Hari Prasad, CEO of Yosi Health, discusses how digital front doors, interoperability, and data safeguards affect smaller practices—and the role of HTM in supporting them.

Interview by Alyx Arnett

The federal “kill the clipboard” initiative is designed to move patient intake beyond paper forms and toward true interoperability. While the effort is often discussed at the policy or IT level, it also has implications for healthcare technology management (HTM) professionals who support the devices, systems, and workflows that make digital intake possible.

For smaller practices and clinics, digitalization can streamline patient experiences and reduce staff burden, but it also introduces new complexities. Concepts like a “digital front door”—where patients begin engagement from home rather than at the front desk—are gaining traction, but they raise questions about how systems connect, how data is shared, and how privacy is maintained. 

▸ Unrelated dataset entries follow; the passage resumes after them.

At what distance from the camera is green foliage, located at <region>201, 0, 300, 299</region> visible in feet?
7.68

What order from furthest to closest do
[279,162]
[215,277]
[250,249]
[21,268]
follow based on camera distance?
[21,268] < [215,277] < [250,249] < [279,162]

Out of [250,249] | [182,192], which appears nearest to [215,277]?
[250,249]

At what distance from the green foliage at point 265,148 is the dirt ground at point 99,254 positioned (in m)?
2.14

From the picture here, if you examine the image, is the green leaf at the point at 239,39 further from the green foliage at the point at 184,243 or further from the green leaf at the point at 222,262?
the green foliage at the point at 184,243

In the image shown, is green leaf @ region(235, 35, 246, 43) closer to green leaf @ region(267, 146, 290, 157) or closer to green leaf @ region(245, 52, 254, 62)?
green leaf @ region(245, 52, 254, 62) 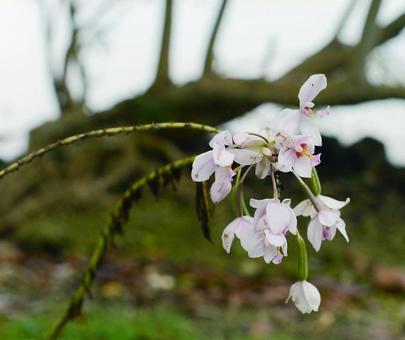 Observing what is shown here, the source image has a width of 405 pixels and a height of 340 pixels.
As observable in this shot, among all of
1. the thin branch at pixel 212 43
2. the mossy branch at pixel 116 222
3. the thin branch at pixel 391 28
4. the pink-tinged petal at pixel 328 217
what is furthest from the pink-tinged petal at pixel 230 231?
the thin branch at pixel 391 28

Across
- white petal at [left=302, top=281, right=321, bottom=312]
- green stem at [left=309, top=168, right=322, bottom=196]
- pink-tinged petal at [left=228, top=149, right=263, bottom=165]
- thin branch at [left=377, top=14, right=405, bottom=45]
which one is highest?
pink-tinged petal at [left=228, top=149, right=263, bottom=165]

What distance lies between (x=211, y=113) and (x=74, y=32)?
4.17ft

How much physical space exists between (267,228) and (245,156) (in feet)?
0.29

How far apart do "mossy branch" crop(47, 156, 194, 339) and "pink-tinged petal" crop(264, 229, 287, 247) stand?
37 cm

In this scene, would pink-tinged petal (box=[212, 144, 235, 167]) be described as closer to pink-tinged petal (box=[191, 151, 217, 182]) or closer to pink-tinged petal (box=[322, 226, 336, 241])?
pink-tinged petal (box=[191, 151, 217, 182])

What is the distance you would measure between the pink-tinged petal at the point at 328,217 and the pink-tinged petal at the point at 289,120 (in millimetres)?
123

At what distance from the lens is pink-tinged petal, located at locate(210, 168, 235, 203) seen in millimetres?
825

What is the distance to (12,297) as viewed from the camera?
3.49 m

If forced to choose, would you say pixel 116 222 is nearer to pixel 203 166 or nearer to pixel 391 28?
pixel 203 166

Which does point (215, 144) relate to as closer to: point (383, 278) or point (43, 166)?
point (383, 278)

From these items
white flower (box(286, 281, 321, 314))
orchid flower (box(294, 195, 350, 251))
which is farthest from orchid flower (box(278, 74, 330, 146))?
white flower (box(286, 281, 321, 314))

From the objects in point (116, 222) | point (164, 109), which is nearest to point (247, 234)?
point (116, 222)

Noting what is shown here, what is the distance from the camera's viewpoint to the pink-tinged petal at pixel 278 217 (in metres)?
0.80

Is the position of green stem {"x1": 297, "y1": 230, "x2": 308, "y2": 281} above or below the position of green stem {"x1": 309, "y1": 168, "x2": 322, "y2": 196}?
below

To explore these dynamics, Hari Prasad, founder and CEO of Yosi Health, a platform focused on patient intake and management, outlines what “kill the clipboard” means for smaller practices, the safeguards needed for data sharing, the roadblocks to making FHIR/API interoperability usable, and the considerations HTM professionals should keep top of mind.

24×7: How does the push to “kill the clipboard” aim to improve interoperability, and how could that impact smaller practices and clinics?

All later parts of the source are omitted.